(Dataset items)
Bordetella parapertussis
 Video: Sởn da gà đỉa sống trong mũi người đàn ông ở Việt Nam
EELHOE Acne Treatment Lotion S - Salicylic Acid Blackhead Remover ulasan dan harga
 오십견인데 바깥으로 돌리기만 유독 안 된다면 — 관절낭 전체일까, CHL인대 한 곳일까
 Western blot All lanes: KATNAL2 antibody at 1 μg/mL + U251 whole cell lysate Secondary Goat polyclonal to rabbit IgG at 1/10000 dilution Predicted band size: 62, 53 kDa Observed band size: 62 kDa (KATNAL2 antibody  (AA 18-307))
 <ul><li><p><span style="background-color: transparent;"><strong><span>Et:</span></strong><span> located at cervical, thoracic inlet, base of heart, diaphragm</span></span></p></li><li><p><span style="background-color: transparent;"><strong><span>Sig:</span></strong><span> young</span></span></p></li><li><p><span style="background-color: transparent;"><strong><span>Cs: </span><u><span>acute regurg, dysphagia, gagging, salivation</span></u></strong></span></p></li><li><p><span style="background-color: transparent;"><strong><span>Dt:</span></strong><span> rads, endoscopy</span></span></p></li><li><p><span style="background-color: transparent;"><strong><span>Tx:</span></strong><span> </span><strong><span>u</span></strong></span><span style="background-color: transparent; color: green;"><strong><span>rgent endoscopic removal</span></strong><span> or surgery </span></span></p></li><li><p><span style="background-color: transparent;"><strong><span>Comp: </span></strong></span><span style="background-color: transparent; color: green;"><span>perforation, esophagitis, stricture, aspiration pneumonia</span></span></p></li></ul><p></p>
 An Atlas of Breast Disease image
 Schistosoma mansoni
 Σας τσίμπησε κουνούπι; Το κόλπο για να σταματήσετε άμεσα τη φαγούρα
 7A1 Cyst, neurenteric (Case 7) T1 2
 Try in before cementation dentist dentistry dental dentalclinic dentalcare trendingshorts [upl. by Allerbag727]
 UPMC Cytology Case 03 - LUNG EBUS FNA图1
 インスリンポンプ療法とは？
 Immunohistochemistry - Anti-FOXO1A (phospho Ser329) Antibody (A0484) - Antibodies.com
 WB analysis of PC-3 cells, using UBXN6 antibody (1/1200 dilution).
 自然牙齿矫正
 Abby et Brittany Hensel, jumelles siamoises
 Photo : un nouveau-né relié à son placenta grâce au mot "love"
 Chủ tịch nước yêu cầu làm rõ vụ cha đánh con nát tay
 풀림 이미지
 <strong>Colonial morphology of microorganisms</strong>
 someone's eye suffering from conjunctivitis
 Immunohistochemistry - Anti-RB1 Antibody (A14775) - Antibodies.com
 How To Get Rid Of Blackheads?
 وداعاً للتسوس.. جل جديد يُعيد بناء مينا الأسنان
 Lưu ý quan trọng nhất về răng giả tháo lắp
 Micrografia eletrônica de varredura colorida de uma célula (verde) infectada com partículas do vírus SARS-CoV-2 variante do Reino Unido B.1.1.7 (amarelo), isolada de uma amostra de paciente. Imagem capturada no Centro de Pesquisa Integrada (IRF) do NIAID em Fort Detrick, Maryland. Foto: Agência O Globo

● EXERCISE INSTRUCTIONS
Only the lines above starting at the one containing "someone's eye suffering from conjunctivitis" and ending at the one containing "Lưu ý quan trọng nhất về răng giả tháo lắp", both included, are to be returned, exactly as they read.

● RESULT OF THE TASK
 someone's eye suffering from conjunctivitis
 Immunohistochemistry - Anti-RB1 Antibody (A14775) - Antibodies.com
 How To Get Rid Of Blackheads?
 وداعاً للتسوس.. جل جديد يُعيد بناء مينا الأسنان
 Lưu ý quan trọng nhất về răng giả tháo lắp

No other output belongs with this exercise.